─── Dataset records

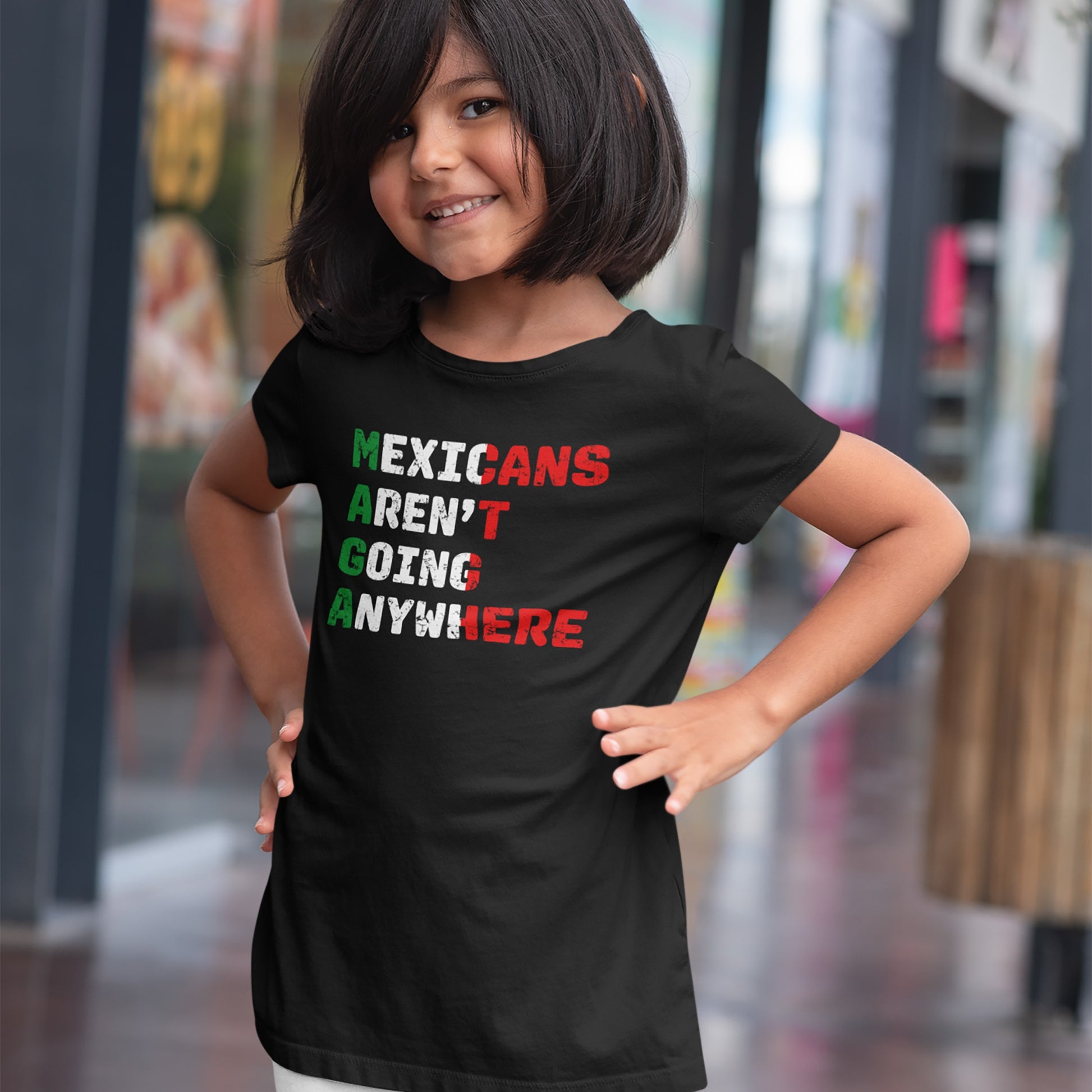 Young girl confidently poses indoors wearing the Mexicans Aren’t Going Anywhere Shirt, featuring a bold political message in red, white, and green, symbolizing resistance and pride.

──────
─── Dataset records

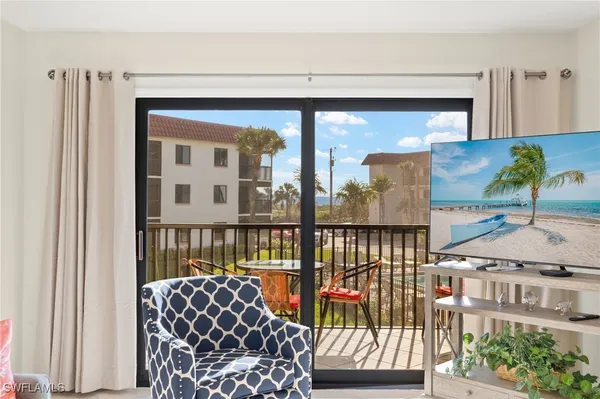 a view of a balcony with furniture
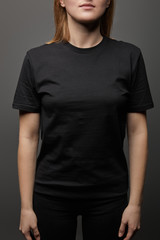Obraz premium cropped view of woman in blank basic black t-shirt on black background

──────

Exercise prompt: Return word for word the lines of the listing above, starting at the line with "a view of a balcony with furniture" and ending at the line with "Obraz premium cropped", both included. Pictures do not belong in the copy.

Expected output:
 a view of a balcony with furniture
Obraz premium cropped view of woman in blank basic black t-shirt on black background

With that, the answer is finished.